By DOLPH HONICKER
A man can be rich, but only a nation can be wealthy. And if any person of any age suffers from poverty, then our whole country bears the shame.
--Walter Mosley in the Oct. 23 issue of The Nation.
There’s class warfare, all right, but it’s my class, the rich class, that’s making war, and we’re winning.
--Warren Buffett
Who says the American economy is not booming? The cup not only is half full, it’s overflowing.
Yes, Virginia, there is a Santa Claus, especially if you are an investment banker. For instance, John Mack, chief executive officer of Morgan Stanley, was to be awarded a Christmas bonus in 2006 worth about $40 million in stock and options for 2006, according to the Washington Post.
That’s a nice hunk of change. But it gets better.
At Goldman Sachs, jaws dropped on Wall Street as the investment bank reported that profits soared 93 percent. As a result, its CEO, Lloyd Blankfein, was in line to receive a record compensation exceeding $50 million in his Christmas stocking.
The New York Times quotes Michael Holland, chairman of Holland & Company, a New York-based investing firm, as saying: “Anyone at the bonus line at Goldman Sachs died and went to bonus heaven. It doesn’t get any better than this.”
But CEOs were not alone in being awash in greenbacks. Outside directors at hundreds of American companies received option grants that were likely to have been manipulated, says a new study printed in the Washington Post.
It reported that 9 percent of 29,000 option grants to outside directors from 1996 to 2005 were granted on a day the company stock hit a monthly low. “The likelihood of such a concentration of ‘lucky’ grants is so low as to be statistically impossible,” say the study’s authors.

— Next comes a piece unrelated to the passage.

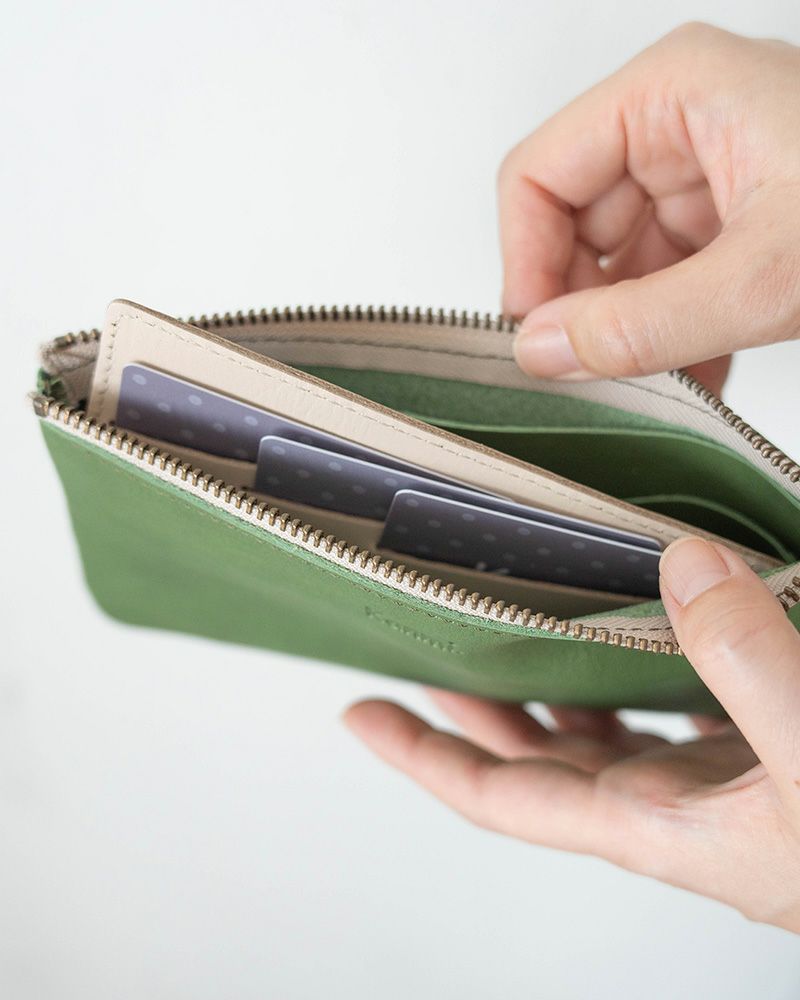 プラスオンアイテムの色：バニラ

Post writer Terence O’Hara quotes Lucian Bebchuk, a Harvard University professor who co-authored the report -- “Lucky Directors” -- with Cornell University’s Yaniv Grinstein and Urs Peyer, a professor at the
French business school, as saying:
“It’s like going to Vegas thousands of times and betting on red every time and winning more than half the time. From a numerical standpoint, it can’t be random. There has to be some manipulation in the outcome.”
Of the more than 130 firms that have disclosed probes of their options-granting practices, only a handful of CEOs have been canned.

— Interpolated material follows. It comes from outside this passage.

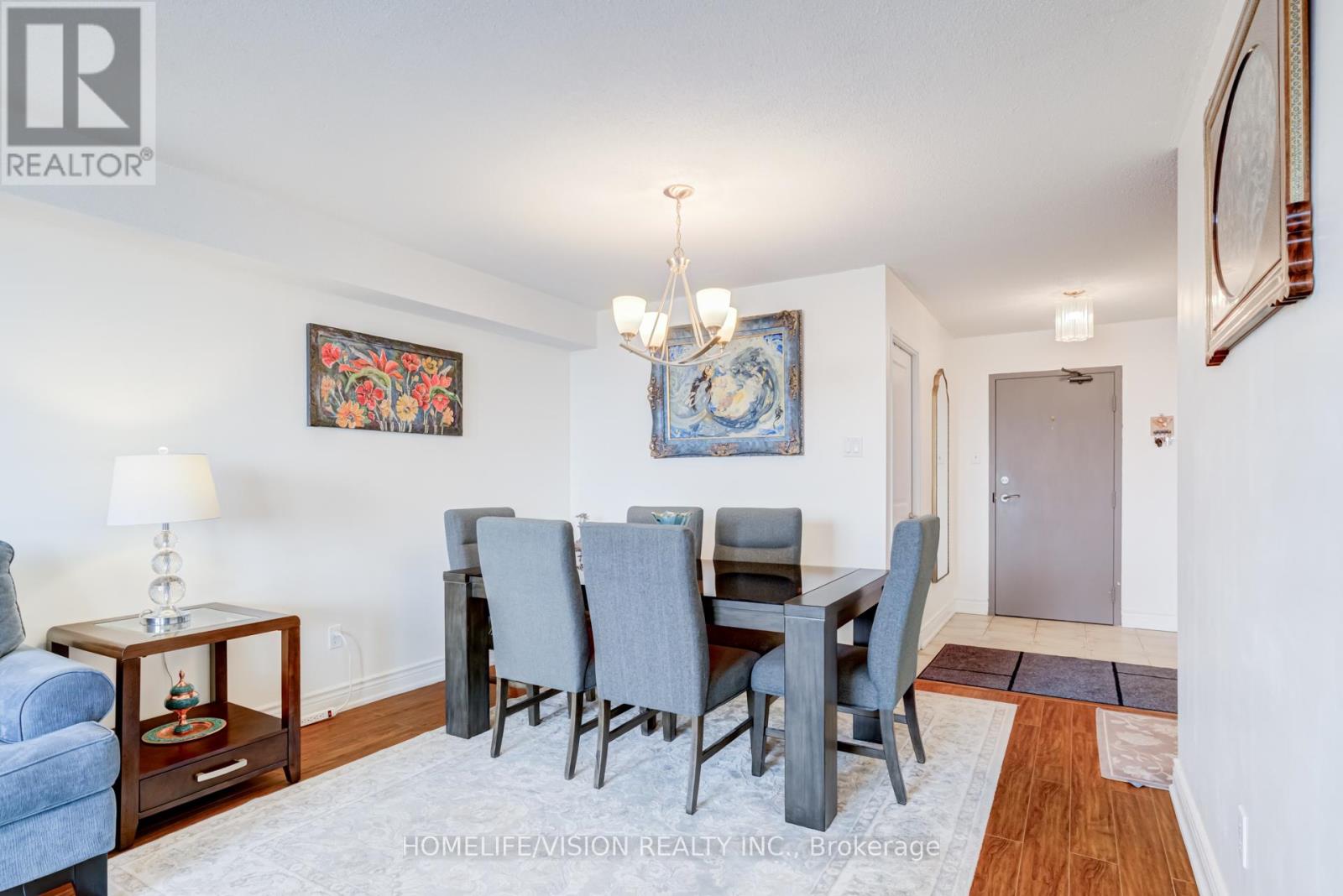 #501 5460 YONGE STREET - 5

The latest study is the first focused solely on grants to directors. Oddly enough, another study, this one by the Corporate Library of 120 companies implicated in backdating, found a high incidence of interlocking directors who served on more than one company that backdated.
Ain’t America wonderful?
Retired teachers, police officers and firefighters and other public workers might differ.
As state governments cut benefits, set aside money to cover future costs and shift expenses to the federal Medicare program, USA Today says 43 state legislatures are set to convene in January to address a liability of more than $1 trillion to provide medical care promised to some 25 million current and future retired state and local civil servants.
The newspaper quotes state Rep. Dale Folwell (R-NC) as saying, “The numbers make your jaw drop.”
North Carolina, for instance has reported a $23.8 billion unfunded liability for retiree healthcare, more than three times what the state owes in ordinary debt.
Meanwhile, at Goldman Sachs, the bank earned nearly as much per share in 2006 as it had in the last two record years combined, and paid out $16.5 billion in compensation this year, or roughly $623,418 per employee.
No retirement worries for these guys.
And if by chance one of these bankers had to live from paycheck to paycheck, like millions of Americans who live in dread of receiving pink slips, it would be a long time before the wolves started to howl at the doors of the boys on Wall Street.